● **GOAL OF THE EXERCISE**
Go through the listing below and write out exactly the lines from the one that mentions "GSC Antibody (N-term)" through the one that mentions "Western Blot - Anti-TRHDE", minus the pictures.

● **DATA FOR THE TASK**
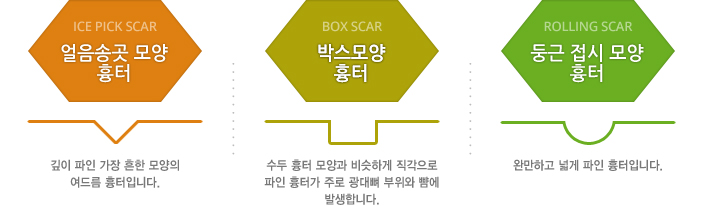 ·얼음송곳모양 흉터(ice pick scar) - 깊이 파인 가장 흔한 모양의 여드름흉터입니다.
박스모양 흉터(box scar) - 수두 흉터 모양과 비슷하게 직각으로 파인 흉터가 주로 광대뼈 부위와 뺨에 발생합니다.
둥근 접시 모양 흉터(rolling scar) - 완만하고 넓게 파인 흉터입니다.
* * *
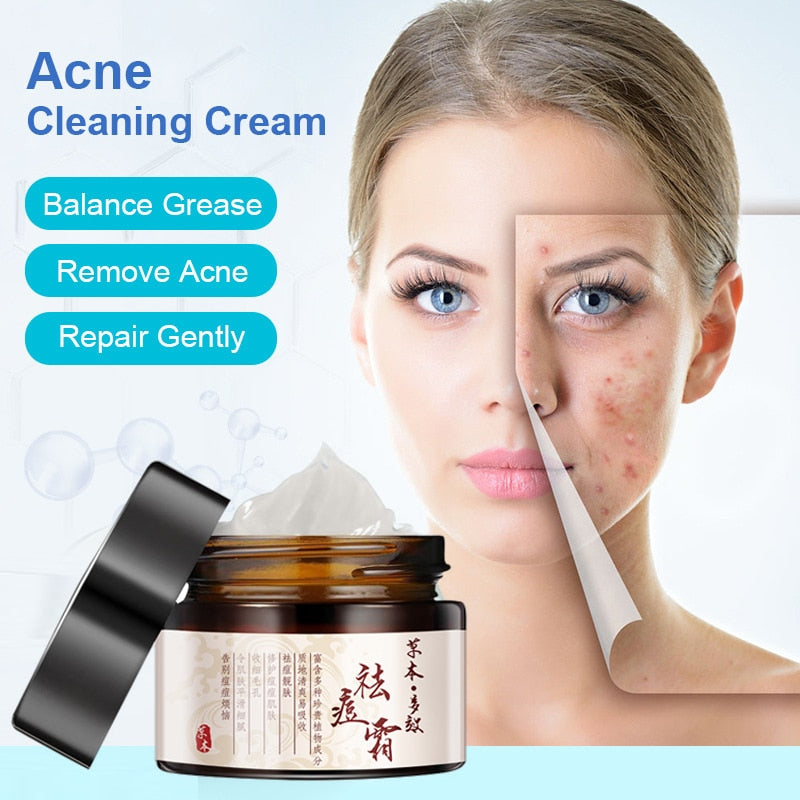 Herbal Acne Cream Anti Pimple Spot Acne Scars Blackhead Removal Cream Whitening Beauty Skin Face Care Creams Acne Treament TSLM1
---
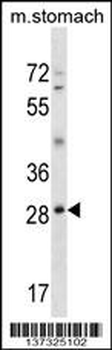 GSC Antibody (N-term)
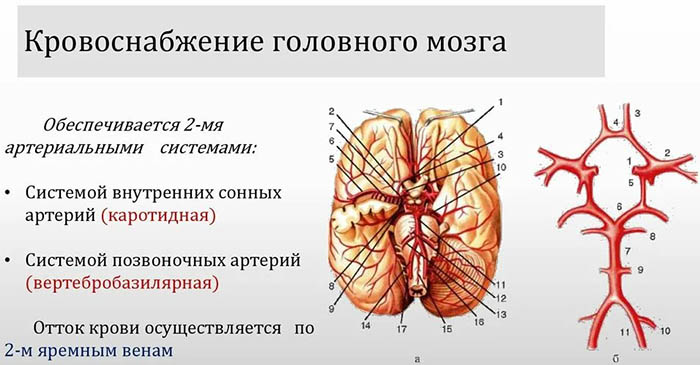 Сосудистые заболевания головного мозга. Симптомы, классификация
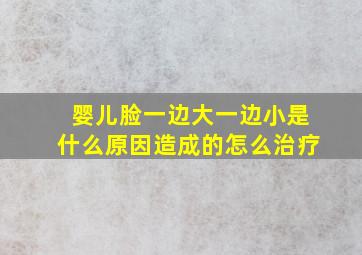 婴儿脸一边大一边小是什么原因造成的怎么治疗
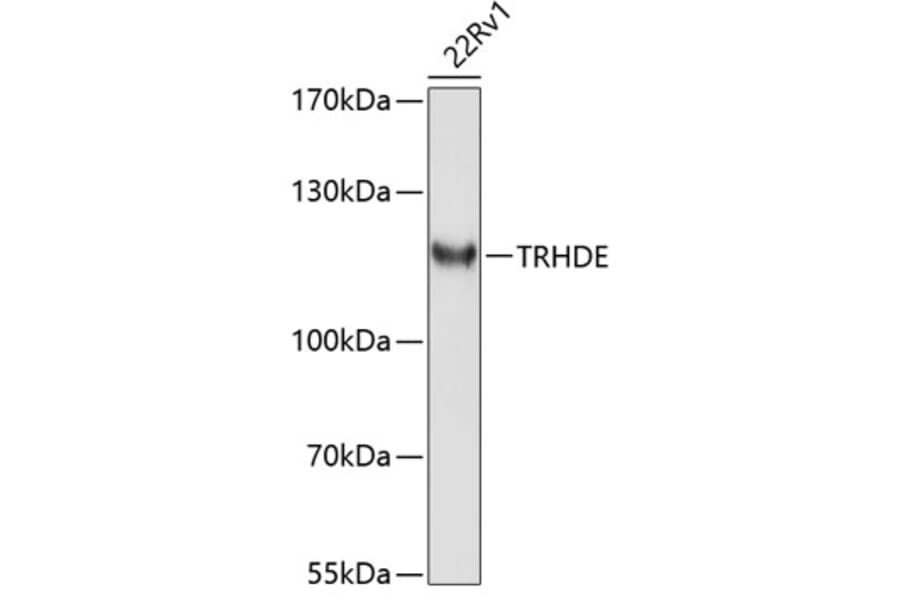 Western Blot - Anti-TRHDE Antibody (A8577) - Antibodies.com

● **SOLVED EXERCISE**
 GSC Antibody (N-term)
 Сосудистые заболевания головного мозга. Симптомы, классификация
 婴儿脸一边大一边小是什么原因造成的怎么治疗
 Western Blot - Anti-TRHDE Antibody (A8577) - Antibodies.com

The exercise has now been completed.